Given that you need 50 valid data points, you may need a week of perfect weather to pass a capacity test. While that might be possible in California, Colorado or Nevada, winter commissioning is likely impractical in the Midwest or the Northeast. If the weather is unlikely to cooperate, it is better to postpone capacity testing to a later date. It is best to plan and contract for this contingency in the event that construction schedule delays push performance testing into the November to January timeframe.
Courtesy The Coloradoan
Technology & Design
Last but not least, you may need to adapt your capacity test methods to account for technology and design details, such as bifacial modules or high dc-to-ac ratios. While it is possible to run capacity tests under these circumstances, you will need to plan for it and implement a different strategy.

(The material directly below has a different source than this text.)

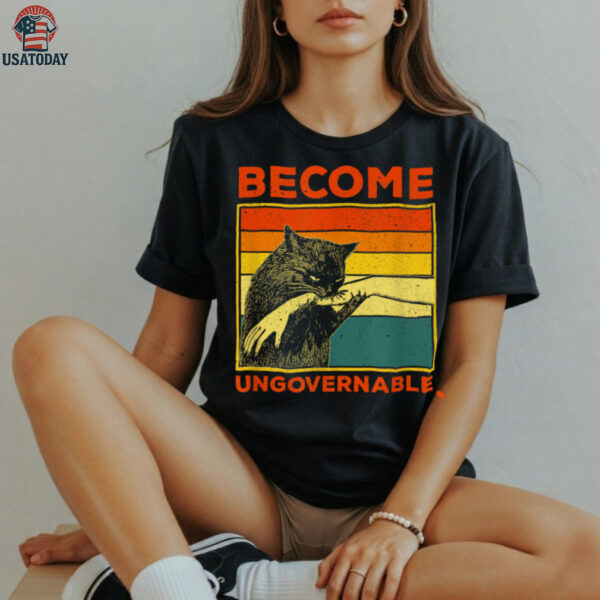 Become Ungovernable   Black Cat Biting Hand Meme Shirt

While the ASTM E2848 standard does not specifically address bifacial modules, for example, there are ways to work around it. Specifically, you have to add a back-of-module POA sensor in order to model these new capacity contributions. In a bifacial system, in other words, the total POA irradiance for capacity testing purposes is the sum of the front-side POA irradiance plus the rear-side POA irradiance. By accounting for the rear-side irradiance in the regression equation, you can adapt the test procedure to accommodate this technology.
To adapt to a high dc-to ac ratio, we want to modify system operation to fit the test criteria. Note that this requires a prequalification step. If the inverters are power limiting more than 50% of the day, the system probably qualifies as having a high dc-to-ac ratio. In this case, you should consider some means of modifying system operation. If it is a tracker system, you could defeat the trackers and run the system flat. Alternatively, you could remove half of the dc capacity, effectively shutting off half or the dc strings and conducting capacity tests on one half of the array at a time. Note that whichever option you pick, you will need to adapt your model to reflect this temporary performance condition.